Material provided –
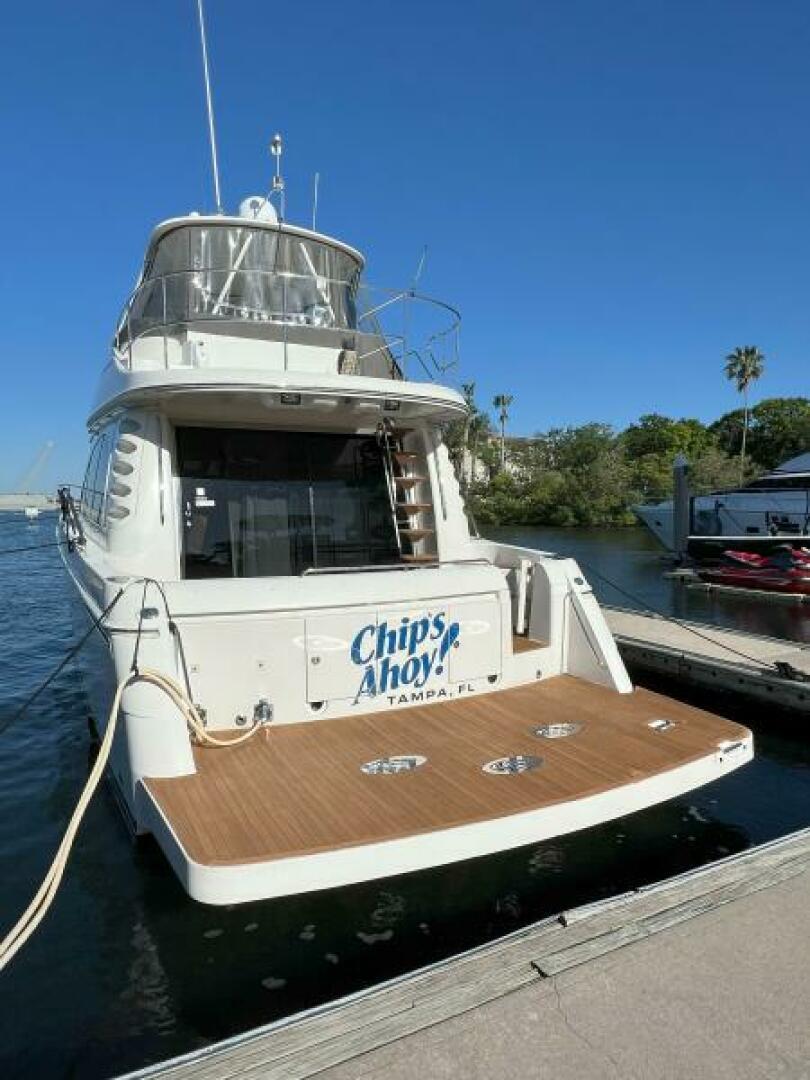 Carver-52 Voyager 2008-Chips Ahoy FL-US-2008 52 Carver Voyager  Chips Ahoy  Cockpit/Swim Platform-9745889 | Thumbnail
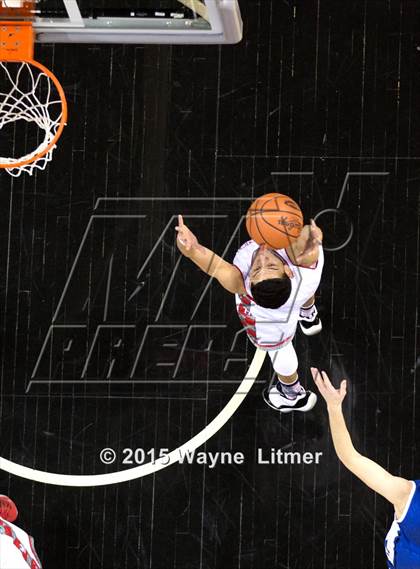 Thumbnail 2 in Covington Catholic vs Dixie photogallery.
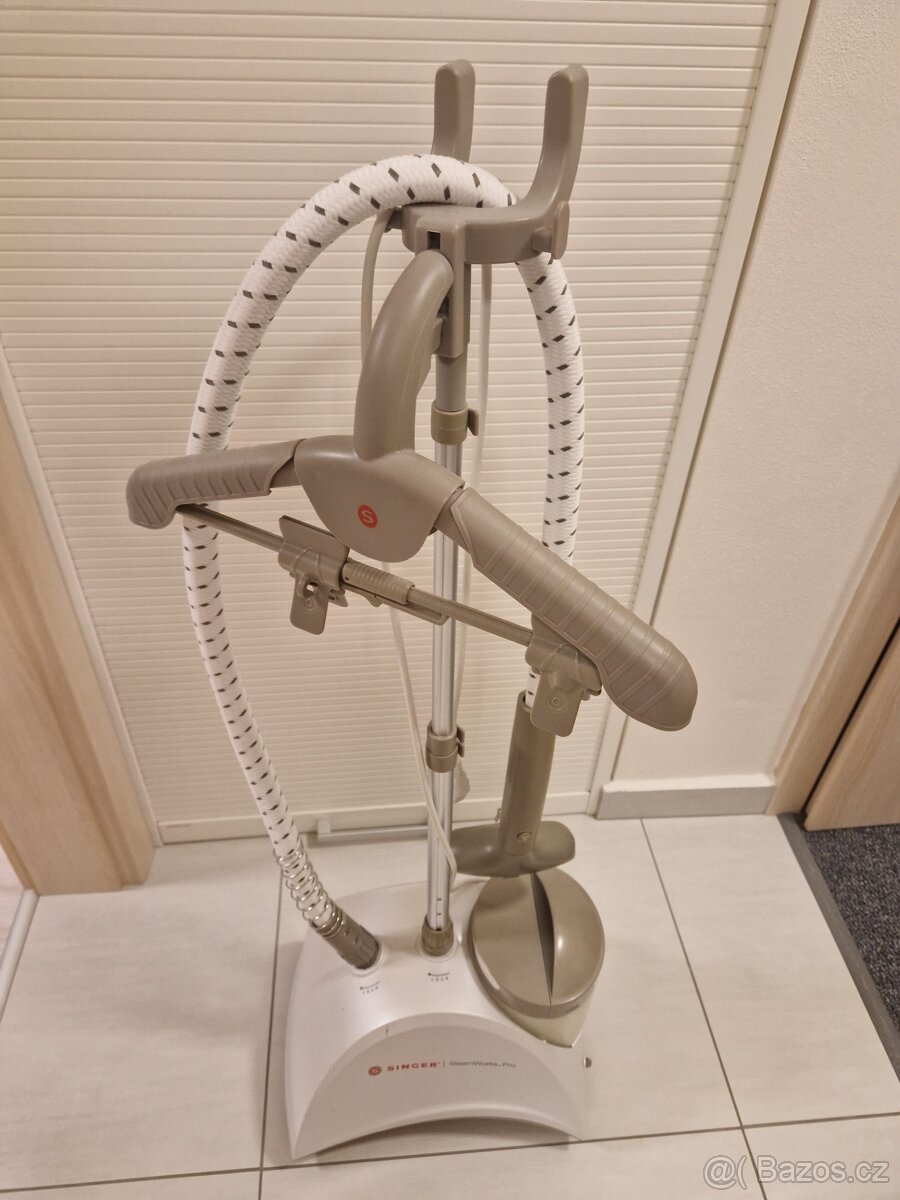 Napařovač oděvů Singer - 2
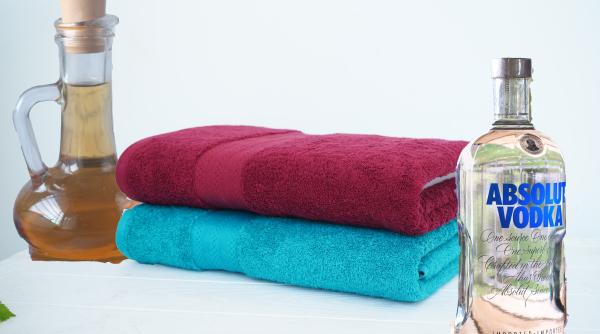 Băutură populară pe care o poți folosi pentru a îndepărta mirosurile rele de pe prosoape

About this exercise –
Would you please set down the listing above exactly, minus its images?

Task result –
 Carver-52 Voyager 2008-Chips Ahoy FL-US-2008 52 Carver Voyager  Chips Ahoy  Cockpit/Swim Platform-9745889 | Thumbnail
 Thumbnail 2 in Covington Catholic vs Dixie photogallery.
 Napařovač oděvů Singer - 2
 Băutură populară pe care o poți folosi pentru a îndepărta mirosurile rele de pe prosoape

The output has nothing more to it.